Sul terreno, tuttavia, la pressione militare non accenna a diminuire. I media di Mosca, citando fonti del Battlegroup West, hanno annunciato oggi la completa presa della città di Kupyansk, nella regione di Kharkiv, sostenendo che le truppe russe controllano ormai tutti i distretti urbani. La violenza del conflitto si è manifestata anche a Zaporizhzhia, dove un drone ha colpito un grattacielo nelle prime ore del mattino. L’attacco, confermato dalle autorità locali, ha provocato un incendio ed è stato necessario evacuare i residenti dei piani alti; il bilancio provvisorio parla di tre feriti, tra cui persone intossicate dal fumo e colpite da schegge.

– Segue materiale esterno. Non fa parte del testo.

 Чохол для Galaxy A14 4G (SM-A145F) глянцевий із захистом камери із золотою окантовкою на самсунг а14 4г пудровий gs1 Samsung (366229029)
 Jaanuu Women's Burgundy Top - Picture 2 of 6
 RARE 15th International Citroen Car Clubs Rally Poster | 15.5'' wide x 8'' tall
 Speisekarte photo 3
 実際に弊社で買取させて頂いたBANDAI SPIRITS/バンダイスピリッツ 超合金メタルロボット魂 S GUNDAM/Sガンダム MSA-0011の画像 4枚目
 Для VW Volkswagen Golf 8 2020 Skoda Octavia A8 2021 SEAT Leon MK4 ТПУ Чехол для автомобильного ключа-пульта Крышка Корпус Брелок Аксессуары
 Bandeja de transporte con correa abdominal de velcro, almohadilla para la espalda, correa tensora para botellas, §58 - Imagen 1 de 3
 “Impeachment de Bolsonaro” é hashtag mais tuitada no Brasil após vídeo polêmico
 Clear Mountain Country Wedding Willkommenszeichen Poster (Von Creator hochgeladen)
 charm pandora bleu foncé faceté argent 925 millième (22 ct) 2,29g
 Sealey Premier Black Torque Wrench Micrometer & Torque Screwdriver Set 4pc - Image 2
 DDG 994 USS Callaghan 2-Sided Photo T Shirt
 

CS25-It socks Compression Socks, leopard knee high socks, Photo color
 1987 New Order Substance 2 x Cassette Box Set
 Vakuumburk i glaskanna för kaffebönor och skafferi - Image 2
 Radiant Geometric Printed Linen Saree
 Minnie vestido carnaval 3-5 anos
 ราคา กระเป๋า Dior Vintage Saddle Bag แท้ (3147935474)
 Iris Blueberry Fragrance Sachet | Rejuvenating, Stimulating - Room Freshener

Mentre il fronte orientale brucia, il presidente ucraino Volodymyr Zelensky si trova oggi nei Paesi Bassi per una tappa cruciale della sua missione europea. A L’Aja, il leader di Kiev interviene davanti al Parlamento e incontra i vertici dello stato olandese, tra cui il premier Dick Schoof e il re Guglielmo Alessandro. Al centro dei colloqui vi è l’istituzione di una commissione internazionale incaricata di gestire le richieste di risarcimento per i danni di guerra, un organismo che si baserà su un registro già contenente decine di migliaia di segnalazioni.

Il sostegno olandese, tuttavia, non è privo di distinguo interni. Se da un lato il primo ministro Schoof ha ribadito la necessità di garanzie di sicurezza solide per Kiev, lasciando all’Ucraina ogni decisione su eventuali rinunce territoriali, dall’altro il leader dell’ultradestra Geert Wilders ha espresso una posizione netta: pur accogliendo Zelensky, ha sottolineato che l’Ucraina non dovrà mai entrare a far parte dell’Unione Europea o della Nato.

Il nodo territoriale resta l’ostacolo principale a qualsiasi ipotesi di tregua. Zelensky ha ribadito da Berlino, poco prima di giungere in Olanda, che l’Ucraina non riconoscerà mai il Donbass come territorio russo, né legalmente né di fatto. Il presidente ucraino ha rivelato che le diplomazie, in particolare quella americana, stanno esplorando soluzioni di compromesso, come l’ipotesi di una zona economica libera che non implichi la sovranità russa. Anche la Francia, attraverso l’entourage di Emmanuel Macron, ha fatto sapere che prima di intavolare qualsiasi discussione sui confini, è indispensabile fornire a Kiev garanzie di sicurezza blindate. La pace, definita da più parti come mai così vicina, resta dunque subordinata al superamento di questi scogli fondamentali.